You’ll also notice there’s a seemingly open-air central courtyard labeled in the site plan illustration above, found smack in the center of the building’s podium. The previous Gensler Austin design for Block 87 included a “market” space of some kind inside the podium, and though it’s unclear if that idea will stick around, it’s obviously something the developers have thought about a lot over the years — this could be a new take on that, or something entirely different, but the courtyard feature is new.
Exterior elevations for the tower are light on detail, other than showing the height of the tower’s podium and the tower itself. Still, even with those balconies on the edges it’s pretty clear we’re looking at a curved tower, especially when you compare the illustrations to the shape of the tower’s footprint on the site plan. Pour one out for Block 87’s old “sharp wedge of cheese” look, but the curves are way more interesting.
The largest change in use outlined in these plans is the elimination of the project’s hotel component, with only residential, office, and retail/restaurant uses identified. We’re now working with 360 residential units across 17 floors of the building’s tower section, 381,400 square feet of office space spread between nine floors, and 15,700 square feet of ground-floor retail space.

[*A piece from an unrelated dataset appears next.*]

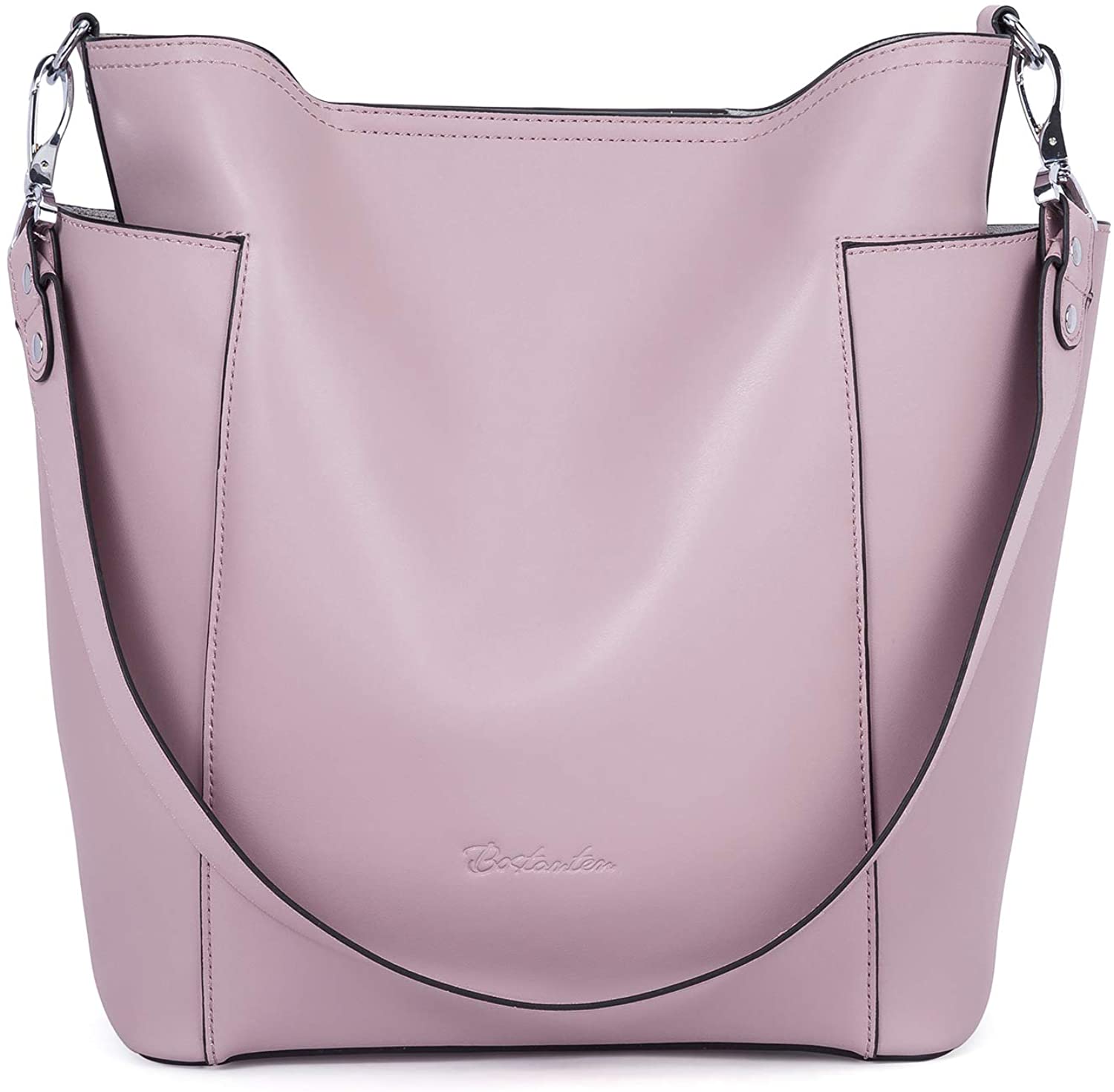 Price:$69.99    BOSTANTEN Genuine Leather Handbag Designer Hobo Shoulder Bucket Bags Tote Purses and Handbags Set with Clutch Purses Pink  Clothing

There’s also 13,100 square feet of additional commercial space on the ground floor specifically designated with a restaurant use — which makes us wonder if that separate retail space implies the previous tower plan’s market component lived on in some capacity. There are 1,145 parking spaces included in its five levels of below-grade garage, plus 64 spaces for bikes, which take up way less room than cars.
Even if the tweaks to the building are minor, they’re certainly interesting — and we won’t know exactly how much the tower actually differs cosmetically from what was planned before until we see 3D renderings instead of these illustrations, something we can look forward to when the project seeks its density bonus from the City of Austin’s Design Commission. Though we don’t have a timeline for its construction at the moment, the development’s site plan is currently in review — meaning we could get a better view sometime this year. After more than a decade, we’d take almost anything.